• _YOUR OBJECTIVE_
What does the data read, word for word, from the line containing "Mid 80s New" through its final line? Give those lines only.
++++ INFORMATION
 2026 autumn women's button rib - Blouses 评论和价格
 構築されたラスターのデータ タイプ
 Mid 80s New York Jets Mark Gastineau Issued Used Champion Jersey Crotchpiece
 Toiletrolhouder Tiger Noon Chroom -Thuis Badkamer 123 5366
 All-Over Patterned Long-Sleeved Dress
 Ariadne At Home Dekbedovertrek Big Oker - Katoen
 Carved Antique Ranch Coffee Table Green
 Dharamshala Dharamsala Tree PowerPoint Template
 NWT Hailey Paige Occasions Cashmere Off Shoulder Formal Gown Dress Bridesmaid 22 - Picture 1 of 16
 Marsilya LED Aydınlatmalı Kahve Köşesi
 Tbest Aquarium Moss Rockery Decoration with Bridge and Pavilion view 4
++++++++
• _SOLUTION TO THIS EXERCISE_
 Mid 80s New York Jets Mark Gastineau Issued Used Champion Jersey Crotchpiece
 Toiletrolhouder Tiger Noon Chroom -Thuis Badkamer 123 5366
 All-Over Patterned Long-Sleeved Dress
 Ariadne At Home Dekbedovertrek Big Oker - Katoen
 Carved Antique Ranch Coffee Table Green
 Dharamshala Dharamsala Tree PowerPoint Template
 NWT Hailey Paige Occasions Cashmere Off Shoulder Formal Gown Dress Bridesmaid 22 - Picture 1 of 16
 Marsilya LED Aydınlatmalı Kahve Köşesi
 Tbest Aquarium Moss Rockery Decoration with Bridge and Pavilion view 4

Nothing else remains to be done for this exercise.